**Required action**: A complete, exact retyping of the data below is required.

**** Source data ****

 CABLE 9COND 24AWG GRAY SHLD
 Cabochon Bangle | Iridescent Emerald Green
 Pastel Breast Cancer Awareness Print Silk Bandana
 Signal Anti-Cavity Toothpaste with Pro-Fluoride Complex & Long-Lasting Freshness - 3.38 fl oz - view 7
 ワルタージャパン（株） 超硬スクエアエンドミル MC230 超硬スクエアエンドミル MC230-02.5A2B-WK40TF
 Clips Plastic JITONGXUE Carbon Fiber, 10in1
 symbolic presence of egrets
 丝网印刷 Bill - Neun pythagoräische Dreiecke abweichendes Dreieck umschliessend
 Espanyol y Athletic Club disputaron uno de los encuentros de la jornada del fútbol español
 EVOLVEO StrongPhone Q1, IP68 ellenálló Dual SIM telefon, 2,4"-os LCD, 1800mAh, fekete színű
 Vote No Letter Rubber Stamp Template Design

****

**Exercise solution**:
 CABLE 9COND 24AWG GRAY SHLD
 Cabochon Bangle | Iridescent Emerald Green
 Pastel Breast Cancer Awareness Print Silk Bandana
 Signal Anti-Cavity Toothpaste with Pro-Fluoride Complex & Long-Lasting Freshness - 3.38 fl oz - view 7
 ワルタージャパン（株） 超硬スクエアエンドミル MC230 超硬スクエアエンドミル MC230-02.5A2B-WK40TF
 Clips Plastic JITONGXUE Carbon Fiber, 10in1
 symbolic presence of egrets
 丝网印刷 Bill - Neun pythagoräische Dreiecke abweichendes Dreieck umschliessend
 Espanyol y Athletic Club disputaron uno de los encuentros de la jornada del fútbol español
 EVOLVEO StrongPhone Q1, IP68 ellenálló Dual SIM telefon, 2,4"-os LCD, 1800mAh, fekete színű
 Vote No Letter Rubber Stamp Template Design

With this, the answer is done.